**DATASET:**

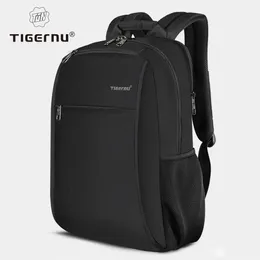 Tigernu anti incrustação moda 15.6 polegada portátil mochila homem material à prova dwaterproof água com 4.0a porta de carregamento usb saco viagem casual 240104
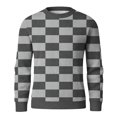 thumbnail image 7 of Men's Round Neck Long Sleeve Ribbed Knit Plaid Pullover, Sweater for Fall Winter, Casual Style and Holiday Gatherings,Gray,L, 7 of 7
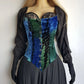 Authentic 1990s Whimsigoth Peasant Dress in Plush Velvet - Greens & Blues - Hand Dyed - medieval metal buttons - long sleeve & handkerchief hemline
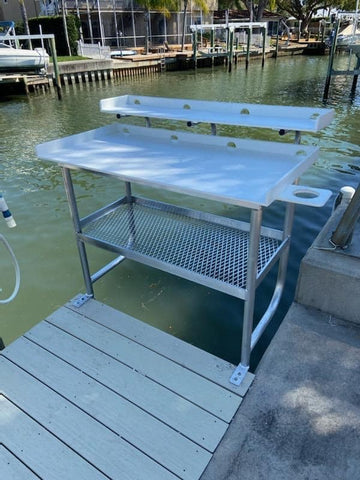 Fish Cleaning Table with upper shelf & cup holder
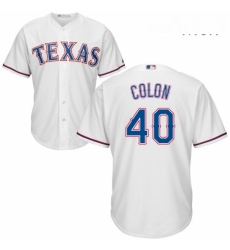 Mens Majestic Texas Rangers 40 Bartolo Colon Replica White Home Cool Base MLB Jersey 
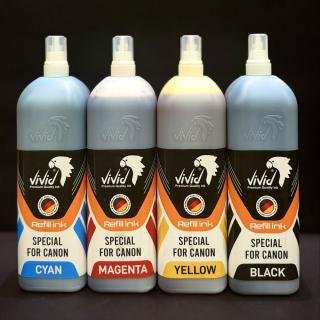 Vivid Premium Refill Ink Set for Canon Printers (Cyan, Magenta, Yellow, Black) 1L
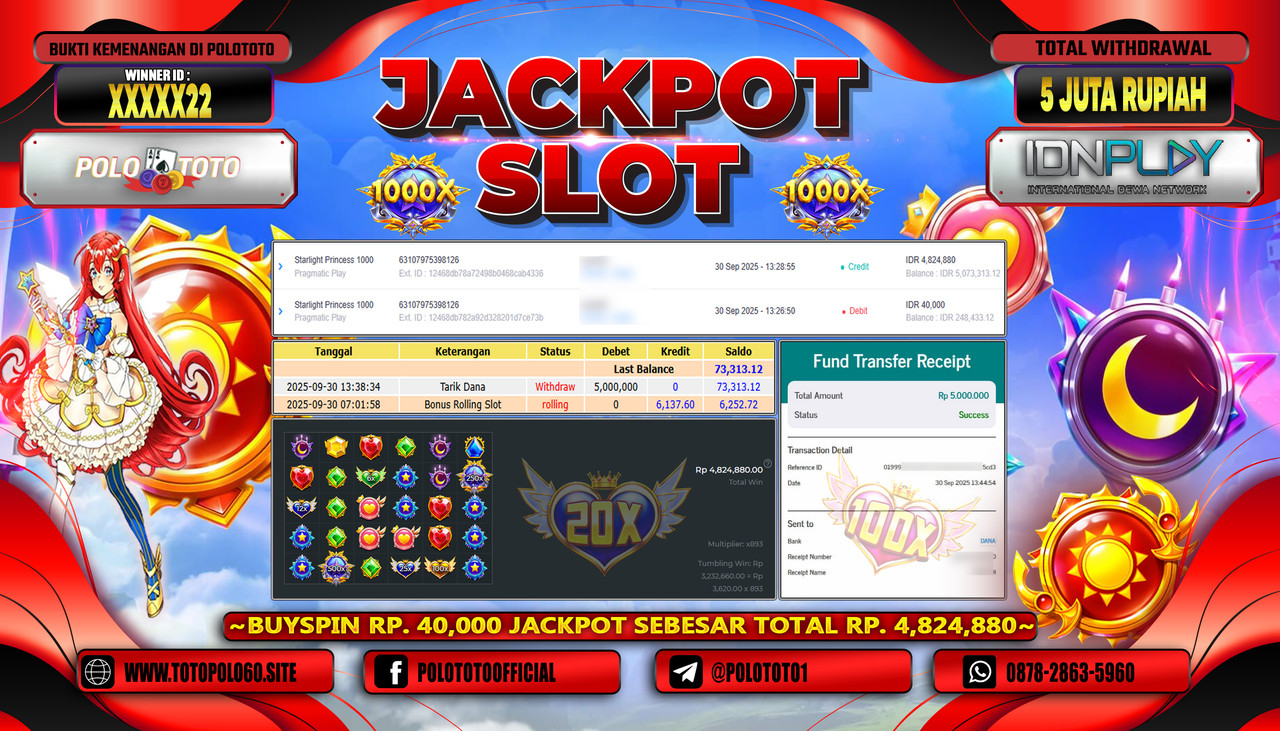 POLOTOTO JACKPOT SLOT STARLIGHT PRINCESS 1000 Rp.5.000.000,- LUNAS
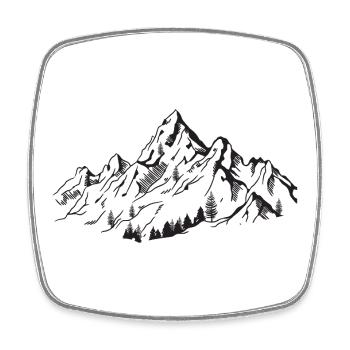 Gebirge - Viereckiger Kühlschrankmagnet - Weiß - Vorne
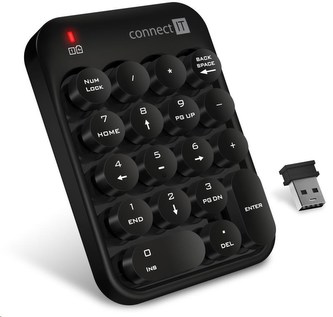 CONNECT IT bezdrátová numerická klávesnice NumCALC (+ 1x AAA baterie zdarma), černá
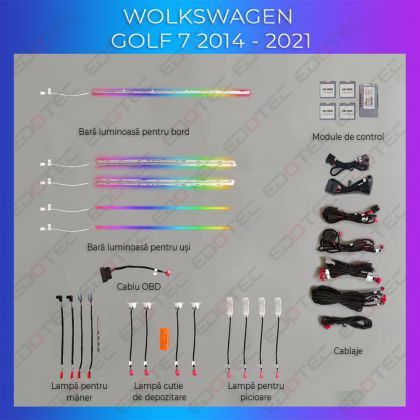 Lumini ambientale VW Golf 7 dedicat control din sistemul original sau telefon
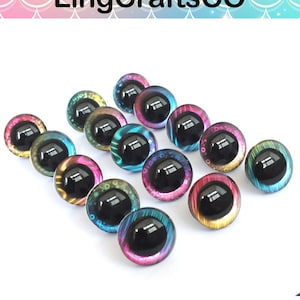 20PCS Rainbow Colours Safety Eyes, 3D Glitter Toy Eyes with washer, 12/14/16/18/20/25/30/35/40mm Safety Eyes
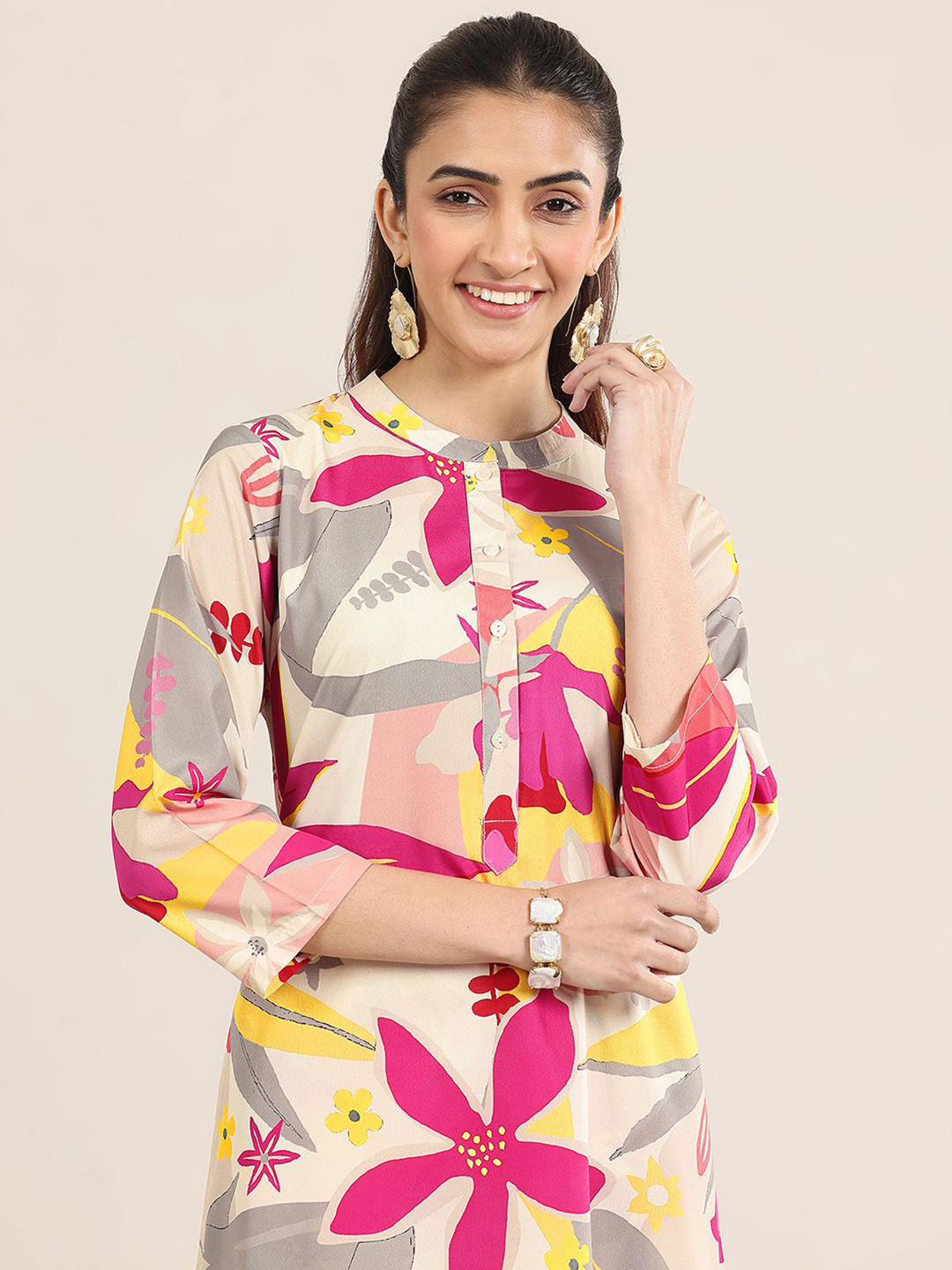 Libas Floral Printed Mandarin Collar Long Tunic With Trousers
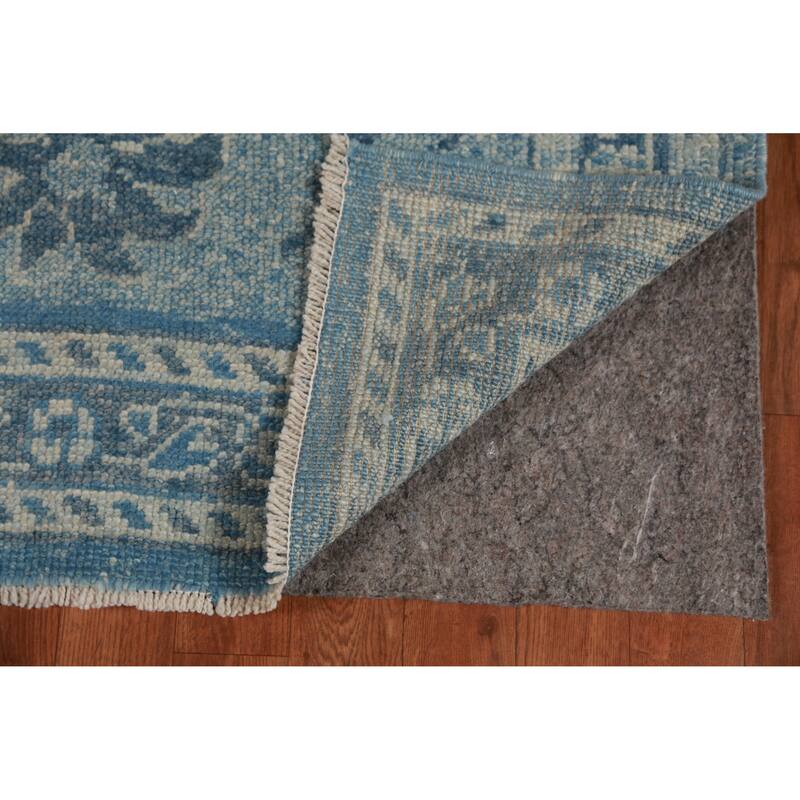 Hand Knotted Oriental 100% Wool Carpet Transitional Floral Navy Blue & Blues Oushak Runner Rug - 17' 4'' X 3' 1''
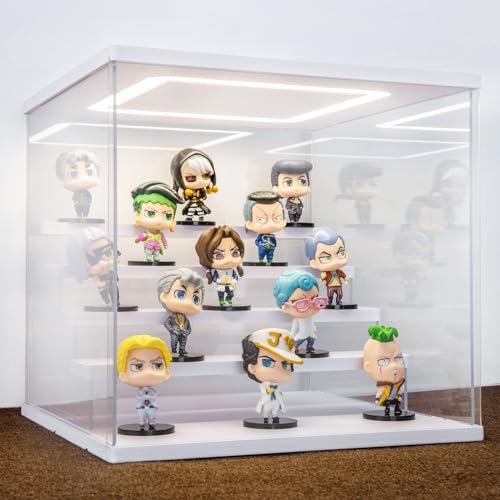 AZEYN Vitrine Acrylique Transparente avec Éclairage LED, Boîte d'Exposition 3/4/5/6 Niveaux Anti-Poussière Vitrine Présentoir pour Figurines, Collections,...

**WHAT YOU HAVE TO DO:** Above are some records. Output exactly the lines from the one that contains "thumbnail image 7" to the one that contains "Fish Cleaning Table", keeping both, and omit the pictures.

**TASK ANSWER:**
 thumbnail image 7 of Men's Round Neck Long Sleeve Ribbed Knit Plaid Pullover, Sweater for Fall Winter, Casual Style and Holiday Gatherings,Gray,L, 7 of 7
 Authentic 1990s Whimsigoth Peasant Dress in Plush Velvet - Greens & Blues - Hand Dyed - medieval metal buttons - long sleeve & handkerchief hemline
 Fish Cleaning Table with upper shelf & cup holder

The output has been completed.